• Given data

>>>>

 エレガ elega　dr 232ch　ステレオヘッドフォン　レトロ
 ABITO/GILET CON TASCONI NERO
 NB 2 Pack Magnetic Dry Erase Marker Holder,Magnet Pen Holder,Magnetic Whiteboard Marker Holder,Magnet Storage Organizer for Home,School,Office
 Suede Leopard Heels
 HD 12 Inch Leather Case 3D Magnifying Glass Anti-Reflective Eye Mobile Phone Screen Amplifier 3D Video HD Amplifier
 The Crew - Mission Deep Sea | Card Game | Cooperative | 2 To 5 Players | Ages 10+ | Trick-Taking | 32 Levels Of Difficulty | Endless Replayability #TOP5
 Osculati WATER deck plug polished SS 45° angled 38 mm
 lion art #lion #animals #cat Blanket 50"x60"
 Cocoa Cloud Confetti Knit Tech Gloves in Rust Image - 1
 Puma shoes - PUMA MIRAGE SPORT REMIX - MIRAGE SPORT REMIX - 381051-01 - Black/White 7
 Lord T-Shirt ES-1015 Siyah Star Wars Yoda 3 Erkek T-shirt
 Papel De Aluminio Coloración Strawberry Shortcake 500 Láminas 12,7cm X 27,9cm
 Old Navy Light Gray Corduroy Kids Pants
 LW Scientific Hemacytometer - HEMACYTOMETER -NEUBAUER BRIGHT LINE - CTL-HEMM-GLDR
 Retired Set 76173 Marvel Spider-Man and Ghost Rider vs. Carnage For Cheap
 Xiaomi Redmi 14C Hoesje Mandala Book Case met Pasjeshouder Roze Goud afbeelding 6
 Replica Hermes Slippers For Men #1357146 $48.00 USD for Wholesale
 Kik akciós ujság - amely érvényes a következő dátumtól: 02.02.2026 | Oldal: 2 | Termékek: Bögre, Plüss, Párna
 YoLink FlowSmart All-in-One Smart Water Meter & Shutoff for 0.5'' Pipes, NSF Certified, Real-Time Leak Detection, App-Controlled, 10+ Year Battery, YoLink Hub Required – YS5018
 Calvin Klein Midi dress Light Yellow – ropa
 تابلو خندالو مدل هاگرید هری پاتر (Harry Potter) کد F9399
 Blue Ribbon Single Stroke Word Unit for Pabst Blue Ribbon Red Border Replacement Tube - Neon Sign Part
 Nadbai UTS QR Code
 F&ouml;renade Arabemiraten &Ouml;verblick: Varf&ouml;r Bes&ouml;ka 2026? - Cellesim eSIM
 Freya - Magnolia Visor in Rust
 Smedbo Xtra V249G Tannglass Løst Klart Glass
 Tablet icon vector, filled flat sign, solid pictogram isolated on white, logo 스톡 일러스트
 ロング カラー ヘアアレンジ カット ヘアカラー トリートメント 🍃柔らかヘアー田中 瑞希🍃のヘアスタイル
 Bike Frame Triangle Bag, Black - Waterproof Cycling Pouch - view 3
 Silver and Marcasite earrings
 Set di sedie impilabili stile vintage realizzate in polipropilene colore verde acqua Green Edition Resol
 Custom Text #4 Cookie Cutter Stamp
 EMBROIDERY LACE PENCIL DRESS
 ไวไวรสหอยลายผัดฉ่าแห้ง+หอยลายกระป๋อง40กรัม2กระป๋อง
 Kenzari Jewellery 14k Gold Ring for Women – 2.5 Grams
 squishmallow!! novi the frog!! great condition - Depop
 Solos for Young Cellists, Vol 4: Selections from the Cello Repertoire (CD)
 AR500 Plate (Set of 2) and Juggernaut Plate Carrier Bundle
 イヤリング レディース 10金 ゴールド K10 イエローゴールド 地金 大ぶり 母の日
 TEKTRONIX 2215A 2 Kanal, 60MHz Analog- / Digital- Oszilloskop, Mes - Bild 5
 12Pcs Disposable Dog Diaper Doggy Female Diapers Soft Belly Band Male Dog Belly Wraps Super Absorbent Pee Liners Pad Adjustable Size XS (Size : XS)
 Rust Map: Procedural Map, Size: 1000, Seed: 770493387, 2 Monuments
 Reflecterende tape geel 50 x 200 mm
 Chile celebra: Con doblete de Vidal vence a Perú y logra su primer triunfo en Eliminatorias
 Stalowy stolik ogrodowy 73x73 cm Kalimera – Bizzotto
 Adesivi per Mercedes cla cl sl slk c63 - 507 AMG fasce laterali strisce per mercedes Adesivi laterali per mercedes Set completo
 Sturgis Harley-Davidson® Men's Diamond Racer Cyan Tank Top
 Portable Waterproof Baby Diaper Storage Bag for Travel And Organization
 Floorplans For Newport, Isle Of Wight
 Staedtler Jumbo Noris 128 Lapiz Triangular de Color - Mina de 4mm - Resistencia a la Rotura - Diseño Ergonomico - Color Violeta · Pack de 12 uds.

<<<<

• Work to be completed
Scan the records above for the lines holding "EMBROIDERY LACE PENCIL DRESS" and "イヤリング レディース 10金 ゴールド K10 イエローゴールド 地金 大ぶり 母の日". Transcribe those two and every line between them word for word, and no others.

• Reply to the exercise
 EMBROIDERY LACE PENCIL DRESS
 ไวไวรสหอยลายผัดฉ่าแห้ง+หอยลายกระป๋อง40กรัม2กระป๋อง
 Kenzari Jewellery 14k Gold Ring for Women – 2.5 Grams
 squishmallow!! novi the frog!! great condition - Depop
 Solos for Young Cellists, Vol 4: Selections from the Cello Repertoire (CD)
 AR500 Plate (Set of 2) and Juggernaut Plate Carrier Bundle
 イヤリング レディース 10金 ゴールド K10 イエローゴールド 地金 大ぶり 母の日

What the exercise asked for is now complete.